En el instante en que se publica esto, empieza la pesadilla de Jack Kerouac. De repente lo aclaman como la voz de una generación, la generación Beat, término que juega con la polisemia: es el latido del corazón, el ritmo de la música y el que ha de seguir el galeote; pero también es la persona machacada por la vida, y además recuerda lo beatífico. Kerouac, sin proponérselo, ha escrito un libro zeitgeist, un libro que encarna el espíritu americano del tiempo posterior a la Segunda Guerra Mundial, al que la cultura popular ha puesto el rostro de Elvis Presley, James Dean o Marlon Brando. Influiría en generaciones de artistas, escritores y músicos, con su prosa fresca, viva, desordenada, nueva, y su franqueza en torno al sexo, las drogas y los anhelos espirituales.
Para colmo, Kerouac era guapo y atractivo, y se convirtió en el primer autor celebridad de la era televisiva. Los públicos se lo comían. Y él estaba cada vez más triste. Sus valores tradicionales daban igual: fue el abanderado a su pesar de todo el movimiento juvenil de los años sesenta con todos sus excesos, el padre de los hippies. Dicen quienes lo conocieron que no buscaba una libertad irresponsable, sino libertad para crear. Era «anticuado», y jamás comulgó con el antipatriotismo que nació entonces; más bien se indignaba con aquella ira contra todo lo establecido. Los periodistas se aburrían cuando intentaba explicar que era un «extraño místico loco católico y solitario», que no habría podido escribir tanto si no viviese una vida monástica junto a su madre. Se mudó a Florida y se dio cada vez más a la bebida; llegó a confesarle a un amigo que, por ser católico convencido, no podía suicidarse. Pero el alcohol acabó con su vida en 1969.
No fue En el camino su única obra. Kerouac escribió más de una docena de novelas, todas muy autobiográficas, además de mucha poesía y ensayo. Ahora caigo en la cuenta de que, dedicando tanto espacio sólo a la obra más famosa, he pecado contra Kerouac yo también. Era inevitable.
En el borrador original de En el camino se lee el siguiente fragmento, que en la edición definitiva se acortó. Es una pequeñísima muestra de la prosa distinta y original de Jack Kerouac, un estilo que no es fácil, pero que, si lo reservamos para el momento adecuado, merece la pena. Me atrevo a aventurar que lo recomendable es leerlo seguido, como él lo escribió, sin pararnos a pensar, y dejar que deposite en nosotros su poso.

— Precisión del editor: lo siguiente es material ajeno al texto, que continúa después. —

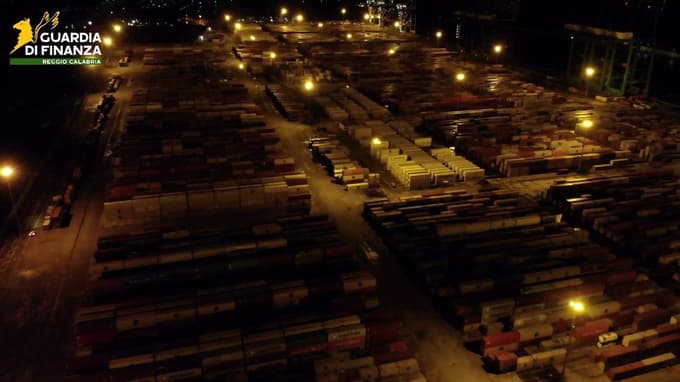 Pristanišče Gioia Tauro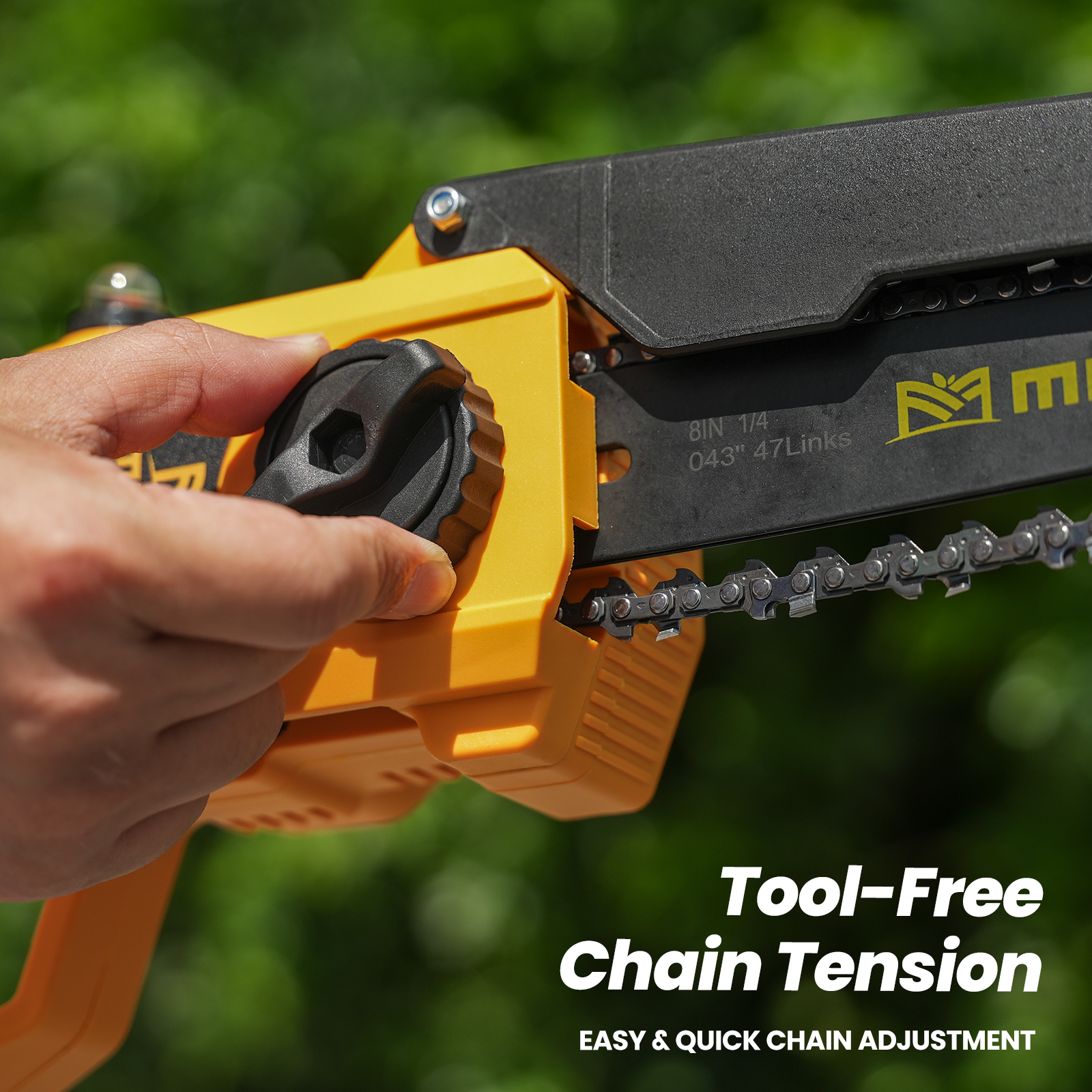 Mellif MFCS801 8inch Chainsaw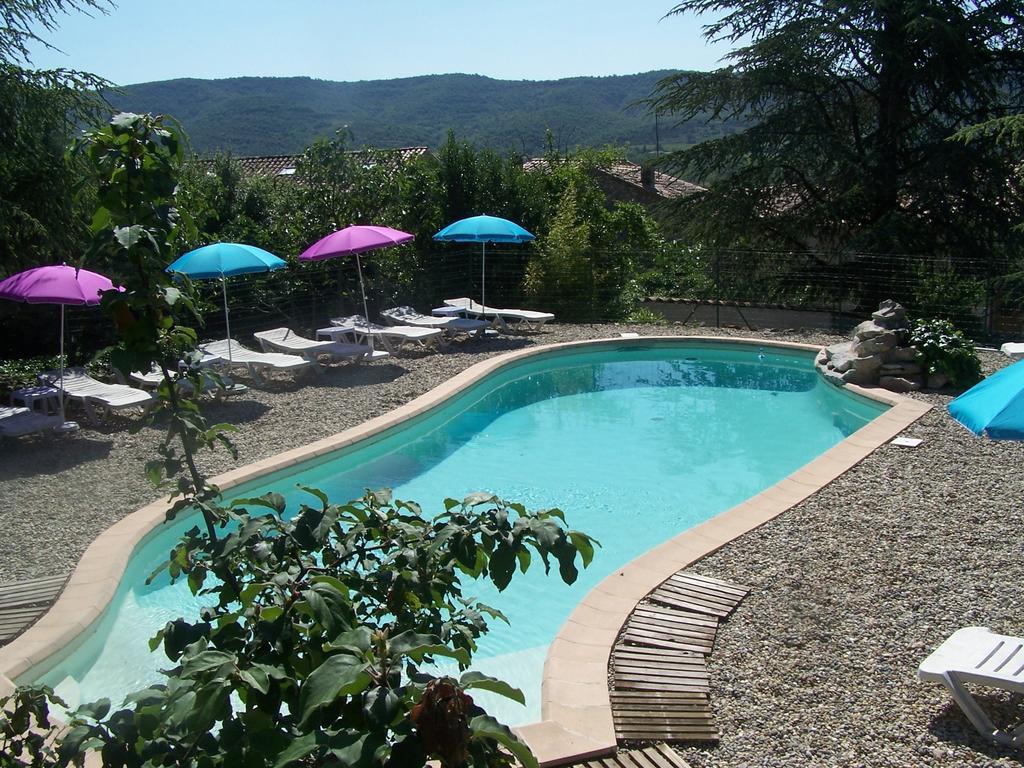 Chambres D'Hotes Les Clapas Chauzon 외부 사진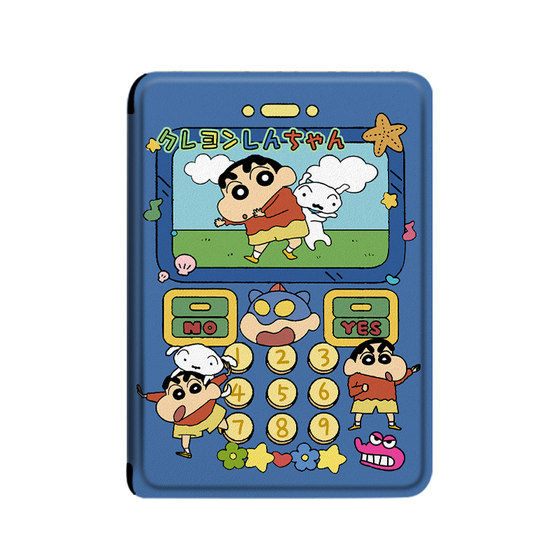 Crayon Shin-Chan은 Light4C/Turbo/Ireadera/Light3 전자 책 보호 케이스 커버에 적합합니다 Crayon Shin-Chan은 Light4C/Turbo/Ireadera/Light3 전자 책 보호 케이스 커버에 적합합니다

Dijo mi madre una vez que el mundo jamás encontraría la paz hasta que los hombres cayeran a los pies de las mujeres y pidieran perdón. Esto es verdad en el mundo entero, en las junglas de México, en las callejuelas de Shanghái, en los bares de copas de Nueva York, los maridos se emborrachan mientras las mujeres se quedan en casa con los hijos de su futuro cada vez más negro. Si estos hombres paran la máquina y se van a casa y se ponen de rodillas y piden perdón y las mujeres los bendicen la paz descenderá de repente sobre la tierra con un gran silencio como el silencio inherente del apocalipsis.